Description of the task >> Only one span is wanted from the lines below: from the one with "El volante croata" up to and including the one with "Hello Vegas Pink Sequin Cowboy Hat". Copy it exactly, without images.

[[ Data for review open ]]

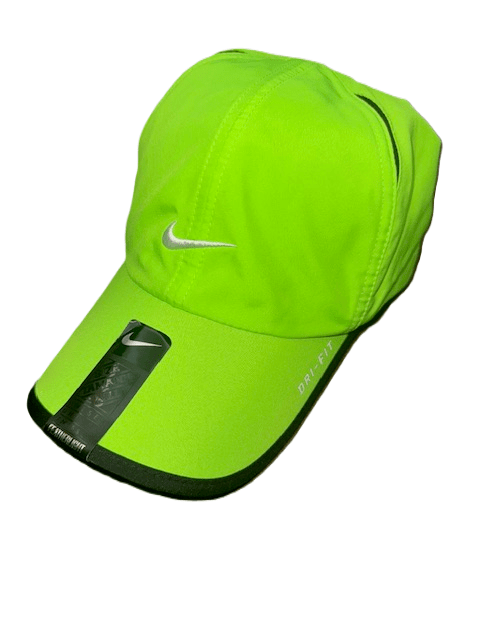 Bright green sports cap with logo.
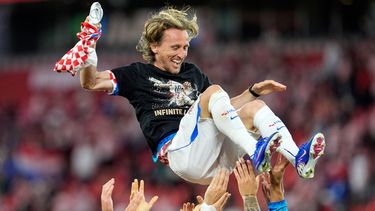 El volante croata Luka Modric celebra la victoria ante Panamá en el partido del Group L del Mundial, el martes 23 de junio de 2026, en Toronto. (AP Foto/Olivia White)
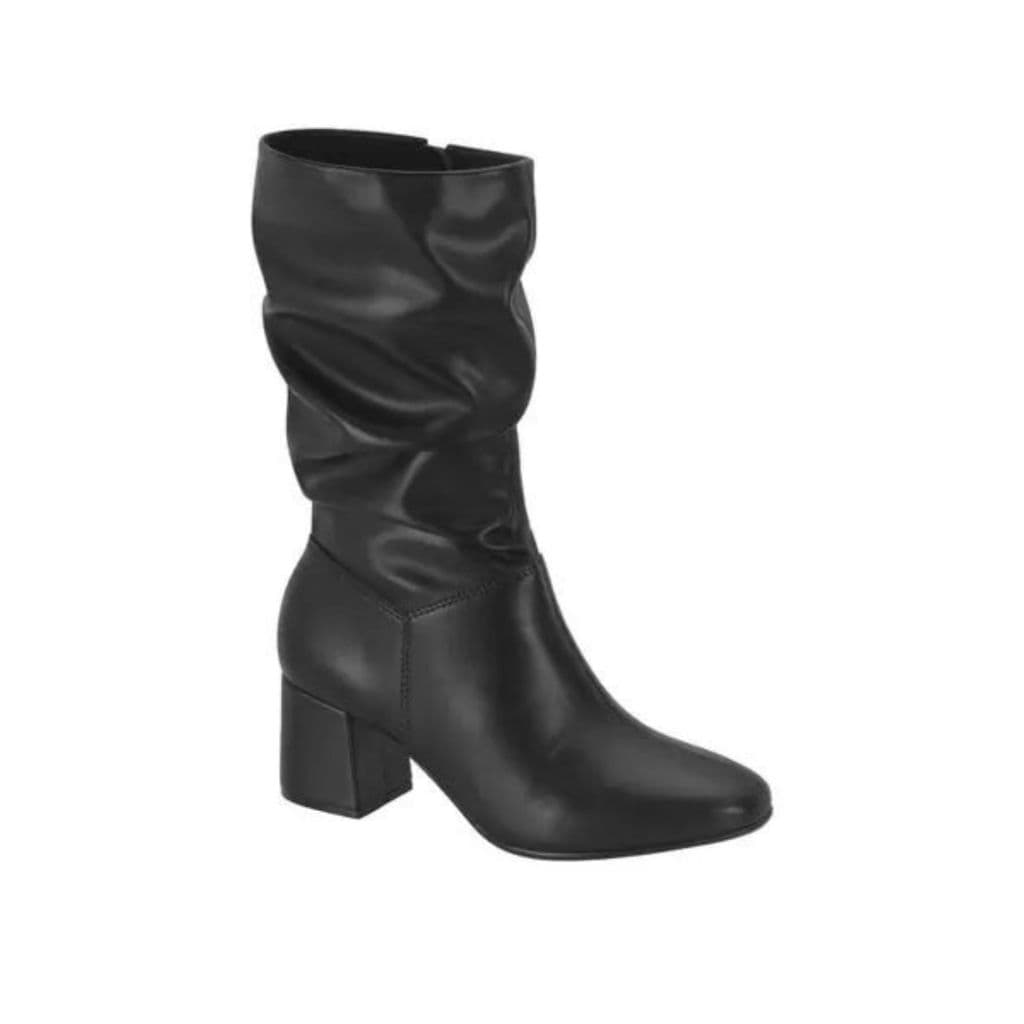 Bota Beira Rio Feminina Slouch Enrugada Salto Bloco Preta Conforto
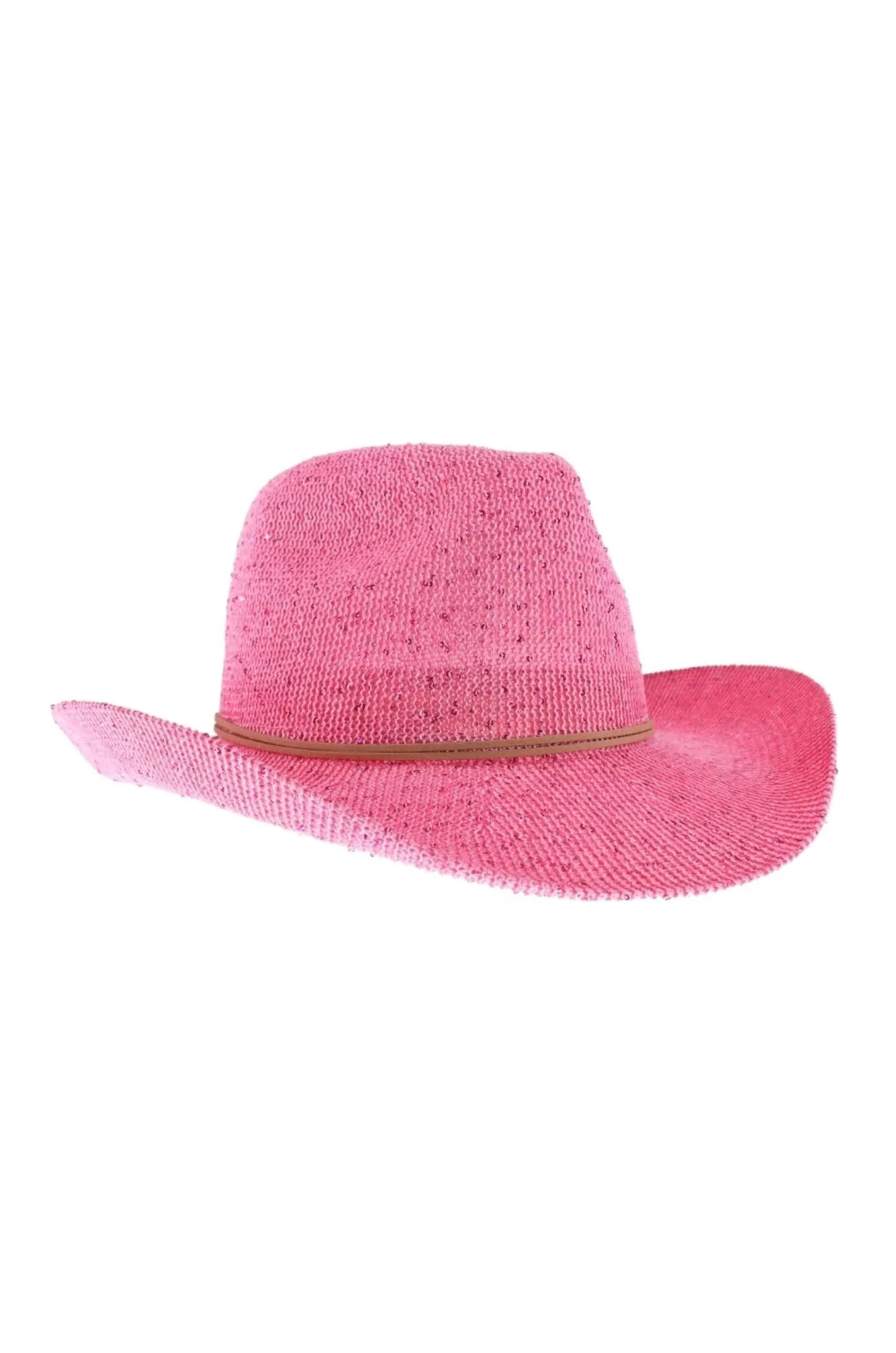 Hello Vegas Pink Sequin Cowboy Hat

[[ Data for review closed ]]
[[ Data for review open ]]

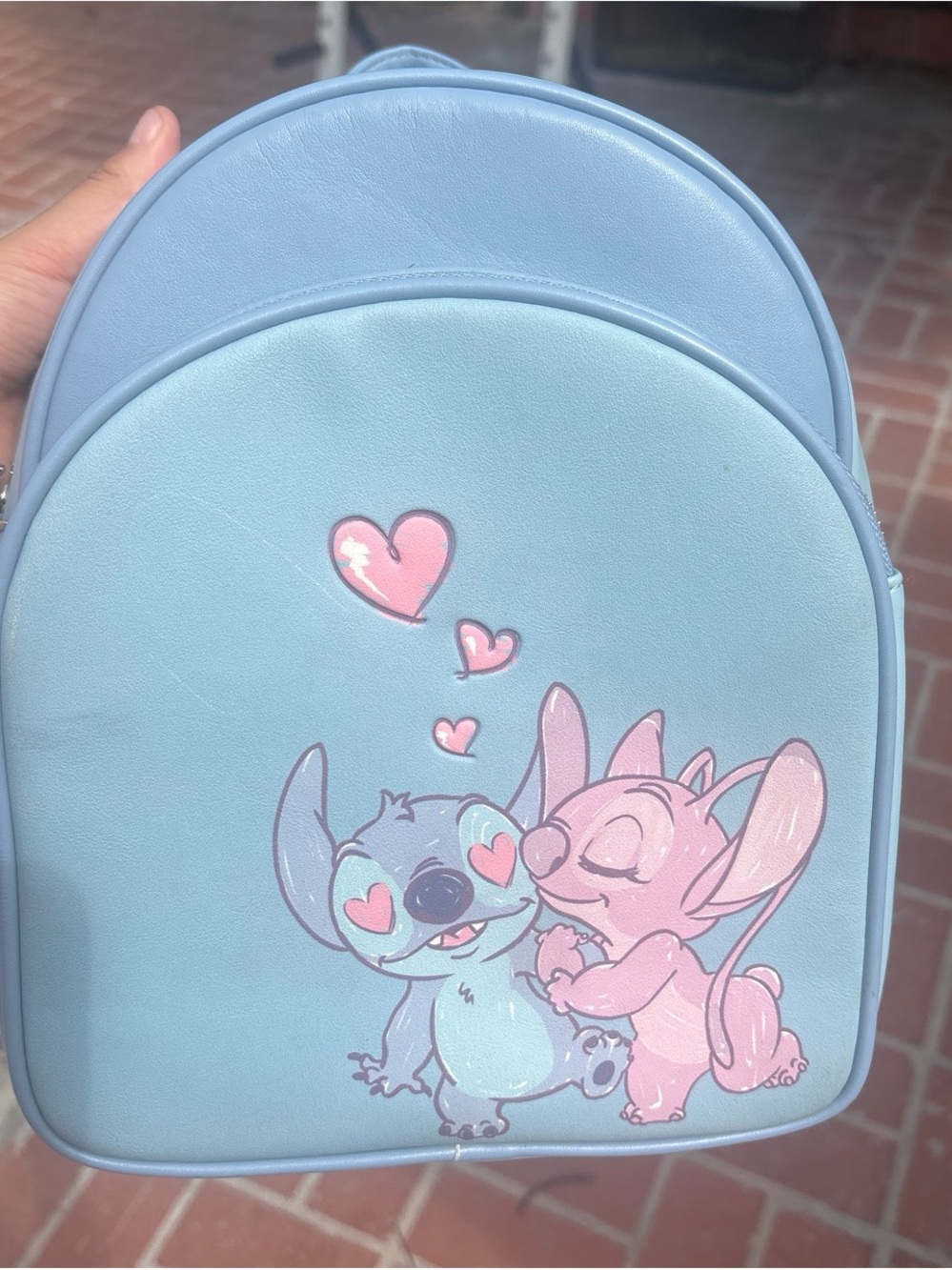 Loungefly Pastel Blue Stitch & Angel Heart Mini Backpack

[[ Data for review closed ]]

Task answer >>
 El volante croata Luka Modric celebra la victoria ante Panamá en el partido del Group L del Mundial, el martes 23 de junio de 2026, en Toronto. (AP Foto/Olivia White)
 Bota Beira Rio Feminina Slouch Enrugada Salto Bloco Preta Conforto
 Hello Vegas Pink Sequin Cowboy Hat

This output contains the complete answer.